* [Directions]: Leaving the pictures aside, return all of the data below exactly.
===== Supplied data
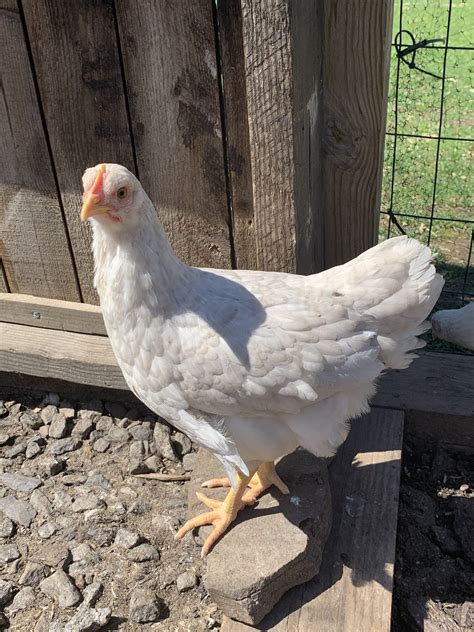 White Leghorn Barred Rock Chick BackYard Chickens Learn How To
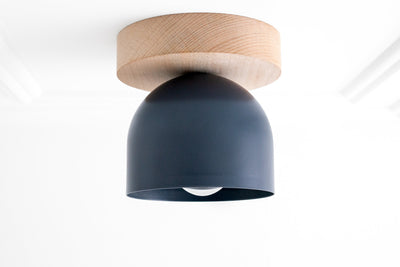 CEILING LIGHT MODEL No. 1107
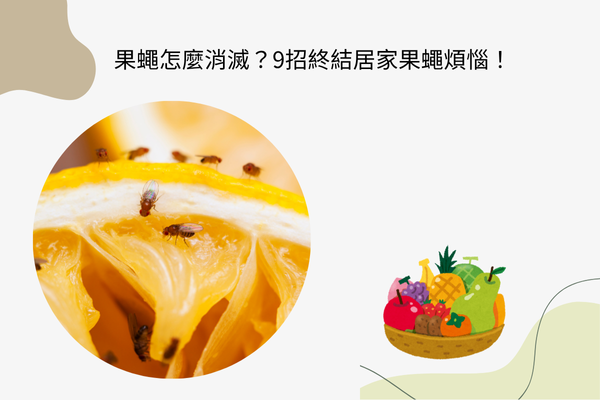 果蠅怎麼消滅？9招終結居家果蠅煩惱！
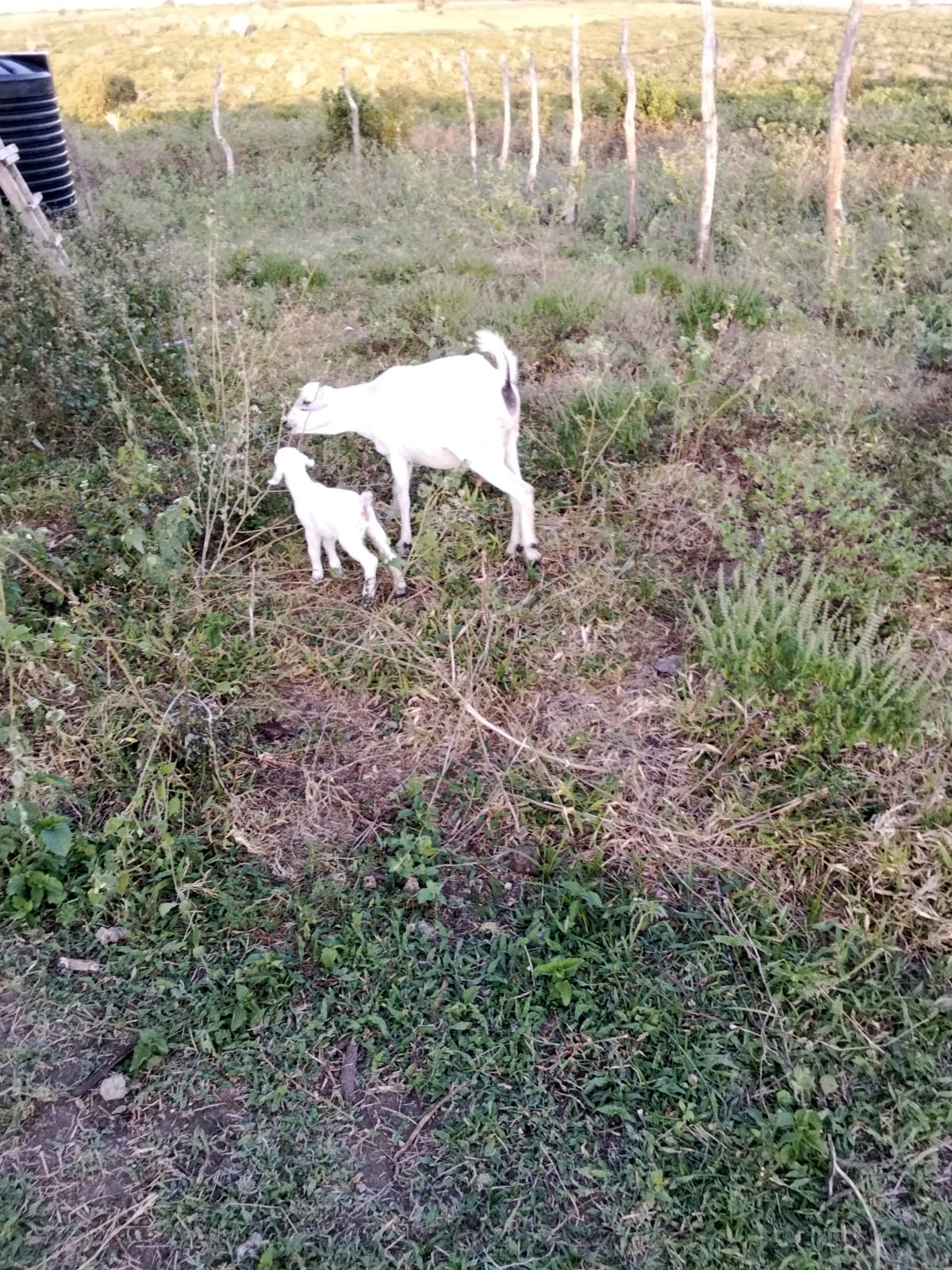 White goat with kid grazing in the compound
==========
* [Result of the exercise]:
 White Leghorn Barred Rock Chick BackYard Chickens Learn How To
 CEILING LIGHT MODEL No. 1107
 果蠅怎麼消滅？9招終結居家果蠅煩惱！
 White goat with kid grazing in the compound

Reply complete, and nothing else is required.